Battleborn, A History: 2014 – 2021

July 8, 2014

Game Informer announced that Battleborn, the first original title by Gearbox Software since Borderlands in 2009, was in development. According to their article, the game was going to “take the minion smashing and fast leveling often associated with MOBAs and inject it into an intergalactic first-person battle arena.” Randy Pitchford, President of Gearbox Software, claimed that Battleborn was set to be “the most ambitious video game that Gearbox has ever created.”

April 20, 2016

VG247 released an article comparing the upcoming Overwatch, Battleborn, and Paragon and offers advice on which one you should buy.

May 3, 2016

Battleborn is released for 60$ to mixed reviews, achieving a Metacritic score of 68%. It also has a season pass available for 20$ that promises new story operations, skins, and taunts.

May 11, 2016

Battleborn’s creative director, Randy Varnell, announces that Battleborn’s sales are tracking just a little over those of Borderlands in its first week. He said that the “launch has been pretty good,” comparing it to Borderlands, and expects it to perform in a similar fashion.

May 24, 2016

Overwatch, Blizzard Entertainment’s team-based shooter, launches across all platforms for $40. It launches to wide critic acclaim, scoring 91% on Metacritic.

May 25, 2016

2K cut Battleborn’s base price by $20, bringing the Digital Deluxe version down to $54.99 and the Standard version down to $39.99. They also introduced a new character and confirmed four more are in the works.

May 30, 2016

Vice released an article comparing Battleborn unfavorably to Overwatch, one of the first in a series of unfavorable comparisons between the two games. They praise Overwatch’s simplicity, citing it’s lack of “complicated leveling or multiple objectives” as a positive, saying that “[i]t just gives you a target and then says go.” They also claim that Battleborn feels very much like it fits in with the “Gearbox style” and that they were worried there were too many characters “for the sake of there being a varied choice.” In contrast, they found that the Overwatch characters served a more functional purpose and were built to function within each map and game mode instead of “just having a cool gun to kill people with.”

June 28, 2016

Gearbox announces its DLC plans for Battleborn. They intend to release or announce new content every two weeks starting in July. The DLC in question includes five free heroes, a broadcaster mode, gameplay and bug fixes, and some new free modes, all of which are to be released across the year. The aforementioned Story Operations included in the season pass are planned to be released throughout Winter, save for a few that are due toward the end of Summer.

July 2016

Battleborn’s player count reached a peak of 2,310 players, down from 12,070 on launch.

August 5, 2016

Take-Two CEO Strauss Zelnick admitted to poor sales when it came to Battleborn, saying, “its performance in the market has been below our expectations.” However, he claims that they are committed to the game, and he believes that there is still a chance to continue building the game’s player base over time. Zelnick goes on to claim that “[a]udiences love Battleborn. […] We’re not counting it out for a minute,” implying 2K very much plans to continue Battleborn’s legacy into the future.

September 2016

Battleborn’s player count reaches a new low with a peak player count of 657.

June 7, 2017

Gearbox Software launched a free version of Battleborn. The free version includes all the competitive multiplayer gameplay modes, maps, and a rotating roster of six free heroes without restricting the player with level caps. The player can permanently unlock a hero from the in-game marketplace with earned currency or the premium currency, ‘Platinum.’ However, free trial owners can’t access the Story Mode or private matches, meaning this is purely for playing the multiplayer modes online.

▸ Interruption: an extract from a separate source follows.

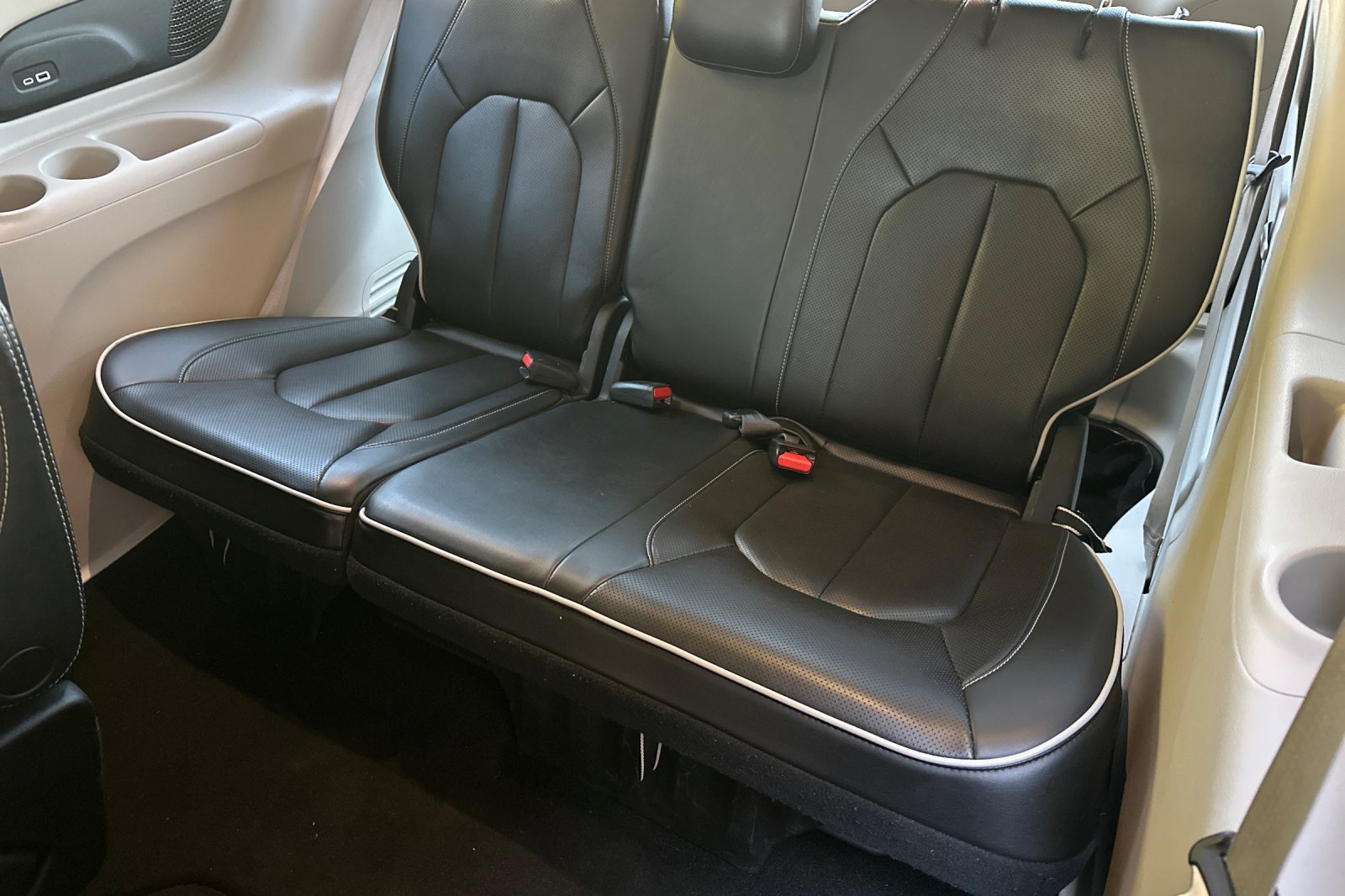 Used 2023 Chrysler Pacifica Limited FWD image 19
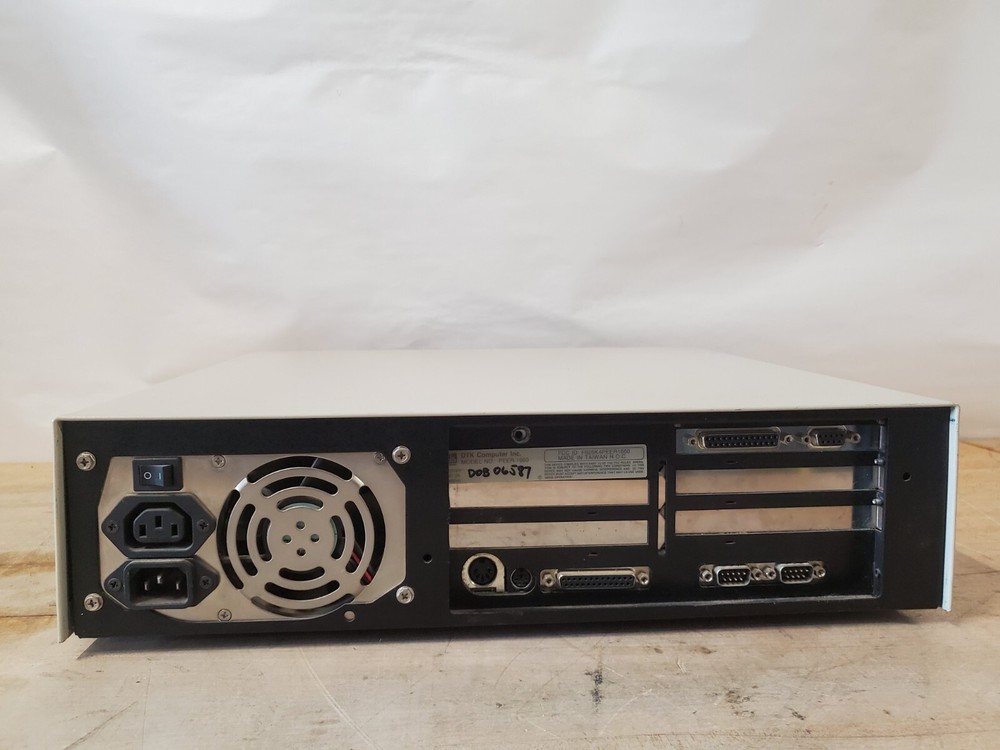 Vintage DTK PEER-1660 Vintage Computer - Boots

With the introduction of the free trial, Battleborn sees a rise in player count and reaches a peak player count of 1,561.

July 2017

Battleborn’s player count hits its lowest peak player count at 363, an amount it will never surpass in the remainder of its history.

September 15th 2017

Randy Varnell, Creative Director of Battleborn, posts that “there will be no more Battleplans, and there is currently no planned content after the Fall Update.” He hesitates to say it’s over, citing, “Never fear! Battleborn is here to stay. Nothing is changing with Battleborn, and the servers will be up and active for the foreseeable future.”

November 13, 2019

2K posts to their support page that Battleborn has been removed from all digital storefronts; that as of February 24, 2020, players will no longer be able to buy the premium virtual currency; and that by January 31, 2021, the servers will be deactivated.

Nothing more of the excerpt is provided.